0

How does one break a file into two parts depending on a key word...and then parse through that file for the expression 'chain "edt_'?

martineau
  • 119,623
  • 25
  • 170
  • 301
Cookies Monster
  • 121
  • 1
  • 7
  • 1
    I think you are looking for this. [enter link description here](http://stackoverflow.com/questions/8369175/binary-search-over-a-huge-file-with-unknown-line-length) – Prashanth Kondedath Apr 25 '17 at 23:44

1 Answers1

0

Here is an example text file (named temp.txt):

hello 10 20 30
goodbye 20 30 40
keyword 5 6 7
chain "edt_ 0 1 2
rubbish 2 3 4
more 6 7 8
test 1 2 3

If we want to split the file when we find keyword, and then search for the expression chain "edt_, this is one way to do it:

# Read the file
with open('temp.txt','r') as f:
    data = f.readlines()

# Strip out newline char
data = [i.strip('\n') for i in data]

# Look for keyword
kwLoc = [i.find('keyword') for i in data].index(0)
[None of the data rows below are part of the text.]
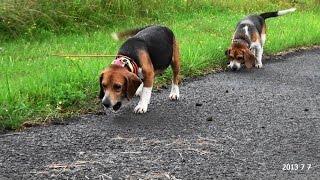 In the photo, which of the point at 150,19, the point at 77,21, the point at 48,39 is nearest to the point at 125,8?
the point at 150,19

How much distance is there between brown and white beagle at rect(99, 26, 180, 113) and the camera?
5.77 meters

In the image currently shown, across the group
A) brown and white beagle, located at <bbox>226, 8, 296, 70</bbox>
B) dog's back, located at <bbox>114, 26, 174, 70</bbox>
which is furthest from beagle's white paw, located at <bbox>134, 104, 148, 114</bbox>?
brown and white beagle, located at <bbox>226, 8, 296, 70</bbox>

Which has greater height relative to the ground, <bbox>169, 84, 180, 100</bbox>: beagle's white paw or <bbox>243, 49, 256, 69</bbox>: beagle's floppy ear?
<bbox>169, 84, 180, 100</bbox>: beagle's white paw

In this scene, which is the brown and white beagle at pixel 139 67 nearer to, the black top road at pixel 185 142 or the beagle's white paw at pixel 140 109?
the beagle's white paw at pixel 140 109

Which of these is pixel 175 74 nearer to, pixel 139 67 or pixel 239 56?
pixel 139 67

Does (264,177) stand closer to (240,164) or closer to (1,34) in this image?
(240,164)

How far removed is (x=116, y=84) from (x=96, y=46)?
4073 millimetres

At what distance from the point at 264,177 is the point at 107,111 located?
2466mm

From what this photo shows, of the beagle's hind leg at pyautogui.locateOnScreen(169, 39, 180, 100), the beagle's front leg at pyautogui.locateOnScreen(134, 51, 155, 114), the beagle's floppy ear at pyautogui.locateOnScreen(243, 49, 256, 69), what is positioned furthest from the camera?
the beagle's floppy ear at pyautogui.locateOnScreen(243, 49, 256, 69)

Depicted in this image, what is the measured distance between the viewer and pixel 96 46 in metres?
9.68

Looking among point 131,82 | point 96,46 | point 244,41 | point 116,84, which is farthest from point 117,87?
point 244,41

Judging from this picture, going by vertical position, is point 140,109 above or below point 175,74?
below

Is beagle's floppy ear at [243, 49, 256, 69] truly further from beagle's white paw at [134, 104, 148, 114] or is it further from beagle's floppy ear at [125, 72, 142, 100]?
beagle's floppy ear at [125, 72, 142, 100]

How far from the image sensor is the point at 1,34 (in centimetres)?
1038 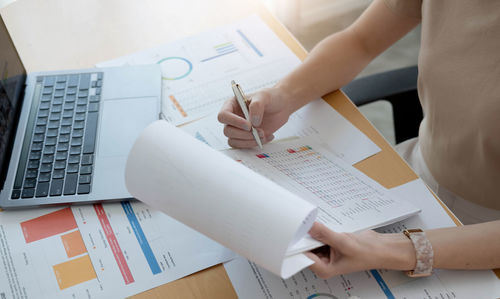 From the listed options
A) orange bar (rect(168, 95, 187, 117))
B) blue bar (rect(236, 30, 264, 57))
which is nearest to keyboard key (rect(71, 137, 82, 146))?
orange bar (rect(168, 95, 187, 117))

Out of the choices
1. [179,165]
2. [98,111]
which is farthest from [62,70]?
[179,165]

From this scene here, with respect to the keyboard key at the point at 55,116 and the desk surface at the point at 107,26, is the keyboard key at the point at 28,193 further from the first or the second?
the desk surface at the point at 107,26

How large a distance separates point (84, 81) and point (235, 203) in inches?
22.9

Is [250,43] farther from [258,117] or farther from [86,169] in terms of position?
[86,169]

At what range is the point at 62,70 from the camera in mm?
1081

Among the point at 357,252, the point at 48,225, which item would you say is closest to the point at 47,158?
the point at 48,225

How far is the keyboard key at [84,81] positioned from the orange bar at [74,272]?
0.40 metres

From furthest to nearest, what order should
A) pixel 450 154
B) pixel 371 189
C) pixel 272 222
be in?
pixel 450 154
pixel 371 189
pixel 272 222

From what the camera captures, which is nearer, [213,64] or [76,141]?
[76,141]

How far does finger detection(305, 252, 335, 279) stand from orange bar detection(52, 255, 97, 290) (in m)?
0.33

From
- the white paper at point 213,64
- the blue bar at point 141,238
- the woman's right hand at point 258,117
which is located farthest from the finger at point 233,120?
the blue bar at point 141,238

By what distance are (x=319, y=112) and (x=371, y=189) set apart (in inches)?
9.5

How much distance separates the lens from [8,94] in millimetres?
942

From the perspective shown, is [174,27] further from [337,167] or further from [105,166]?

print 'Keyword found on line {0} - splitting file.'.format(kwLoc)

# Split the file
partOne = data[:kwLoc]
partTwo = data[kwLoc:]

# Optionally save each file
with open('temp_1.txt','w') as f:
    for row in partOne:
        f.writelines(row)
        f.write('\n')

with open('temp_2.txt','w') as f:
    for row in partTwo:
        f.writelines(row)
        f.write('\n')

# Now search the file for the expression - returning the row where it occurs

exLoc = [i.find('chain "edt_')>0 for i in partTwo].index(True)


print 'Found expression chain "edt on row {0}.'.format(exLoc)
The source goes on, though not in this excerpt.